We had to get up well up before the sparrows yesterday for our Big Day Out. In fact, we needed to set the alarm clock just to make sure we woke early enough. Once we were up, showered, dressed and fed, we drove down town to meet up with the other members of our 60’s Up group. A full bus of 48 people were travelling up to the Chateau Tongariro Hotel for lunch. Although our departure time was 8.00am, most of us assembled all bright eyed and bushy tailed at 7.30am.
Our mid morning stop was at Gumboot Manor at Taihape. However, the logistics of a full bus load of people (mainly ladies) queuing up at the counter to purchase their morning tea, then queuing up to use the bathroom facilities over stretched the 30 minutes planned stop time quite a bit. Finally, the last coffees were served, the bathroom queue had finally ended, and we filed back onto the bus again.
Then it was Tongariro – here we come! A couple of ladies sitting close by told us that they had both spent the first night of their respective honeymoons at the hotel. And had not returned since. It certainly is an impressive building.

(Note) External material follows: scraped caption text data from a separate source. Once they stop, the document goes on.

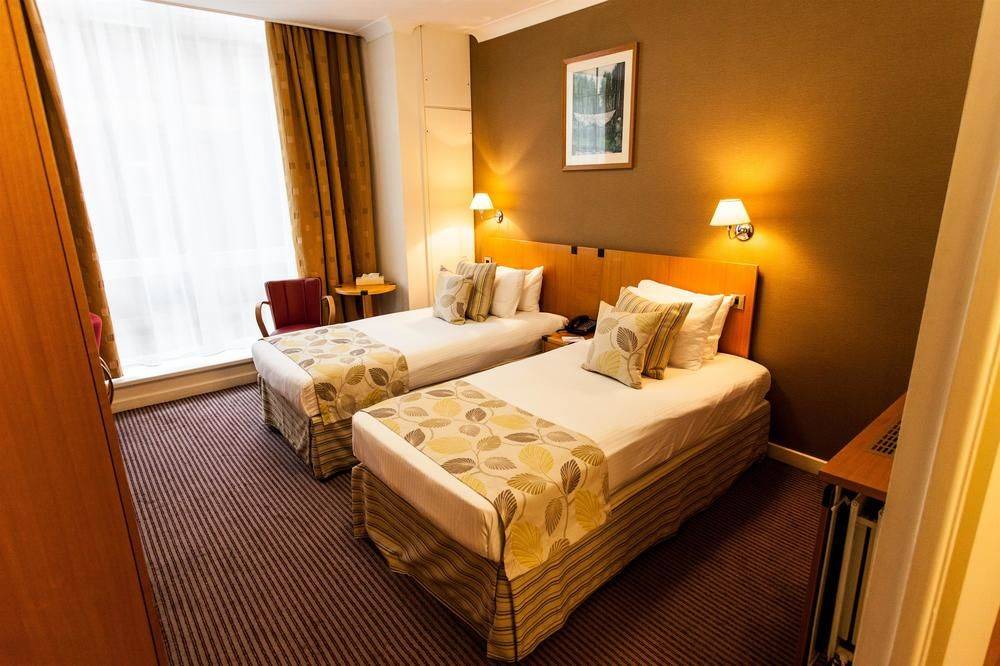 Best Western Sheffield City Centre Cutlers Hotel 1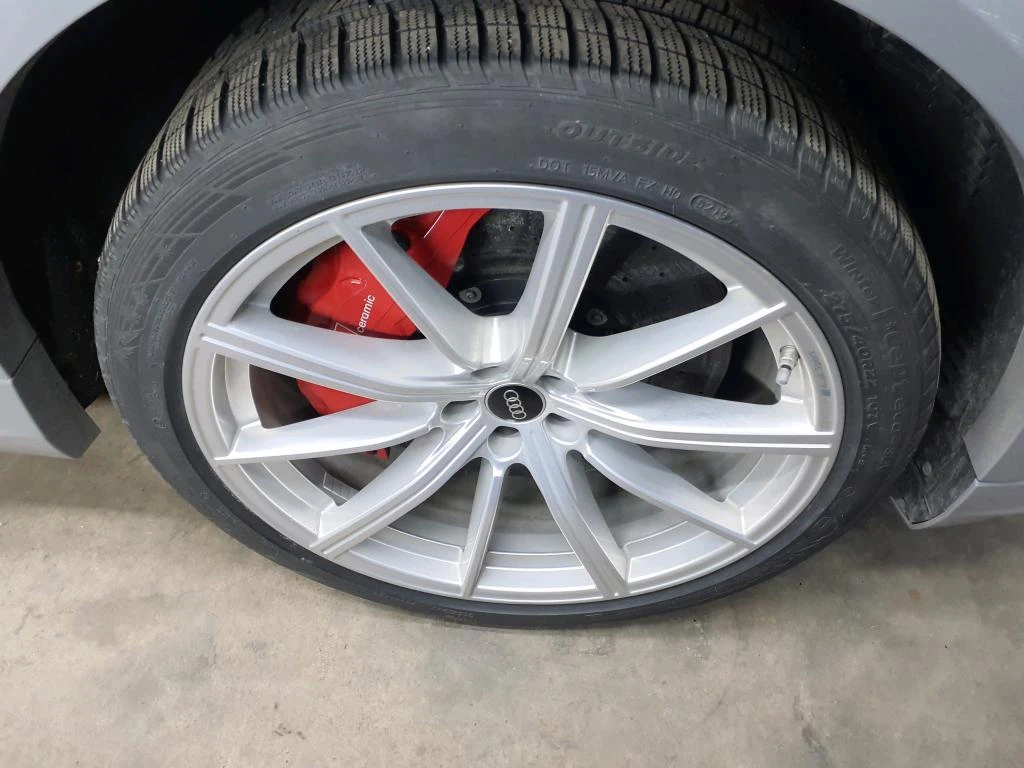 Audi RSQ8 4.0 TFSI VENTILATION, MASSAGE , CERAMIC, снимка 5 - Автомобили и джипове - 53894179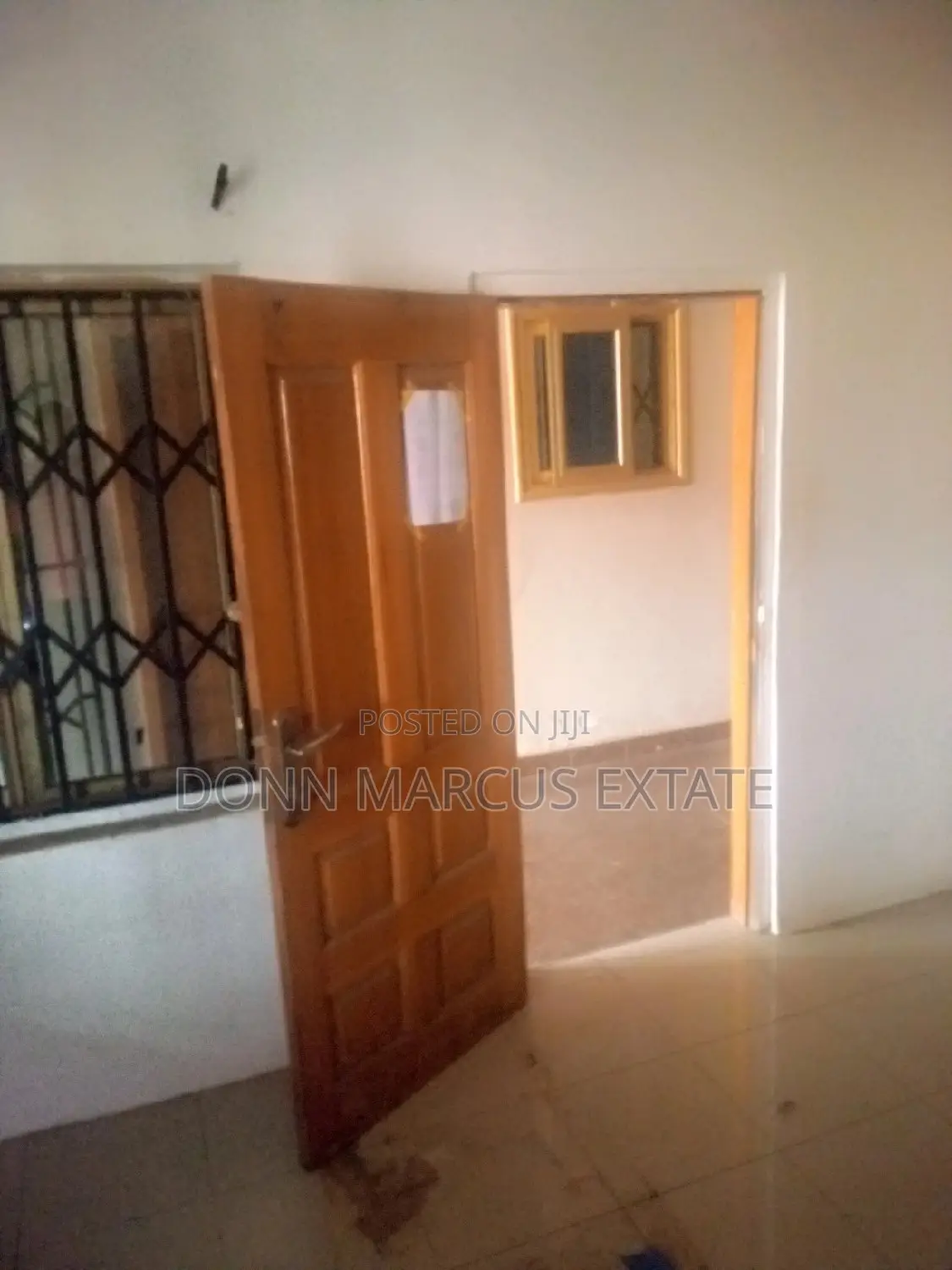 1bdrm House in Meduma Abass, Kumasi Metropolitan for rent in Kumasi Metropolitan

The Tongariro Park Tourist Company Ltd was formed with a grand vision to build the Chateau, an elegant Georgian structure, alongside the original Whakapapa Ski huts. The Chateau was styled after the Canadian Resort of Lake Louise. Fletcher Construction Company undertook the contract at $78,000 pounds, and work started on the 10th of January 1929. The opening of the well-appointed Chateau hotel revolutionised the atmosphere of Ruapehu as a resort. The rich and famous came in their droves to ski on the nearby slopes during the day and enjoy fine dining in the evenings. WW11 brought the glamour to an abrupt end, overseas travellers stopped coming, young Kiwi men joined the forces and both road and rail travel was restricted. When the Chateau was commandeered by the government as an asylum after an earthquake damaged a hospital in Wellington, the hotel served the needs of a different kind of guest. It was back in business once more in 1948, when the newly renovated Chateau reopened to provide accommodation for visitors to Mt Ruapehu and the Tongariro National Park.
There was time to check out the elegant surroundings before we went into the dining room. Chandeliers hung from the ceiling, cosy fires were burning, and those comfy armchairs look most inviting. Mmmm, this could be my kind of place - pity the funds aren't available to make it happen.
The young staff in the Ruapehu Dining Room served our meals quickly and efficiently. With such a large group, we were all served the same meal. Roast beef and Yorkshire pudding, veggies and gravy, followed by pavlova for dessert. All very tasty too, and everyone at our table managed to clean their plates, we noticed. The rain came down during our meal. “Perhaps it’s snowing?” someone suggested hopefully.
After lunch the rain had stopped, the clouds had lifted, and what’s this? A lovely alpine sight of a dusting of snow on the mountain.
Back into the bus we went for our long journey home, stopping again at Taihape for a comfort stop. How is this for an omen? A good one, we hope.
We finally arrived back at 6.00pm. It’s a long way to go just for lunch, one of the members was heard to mumble when our day's trip was mooted. Long way or not, it was a great trip to a place most of us had never set in before. A little bit posh indeed, and most enjoyable.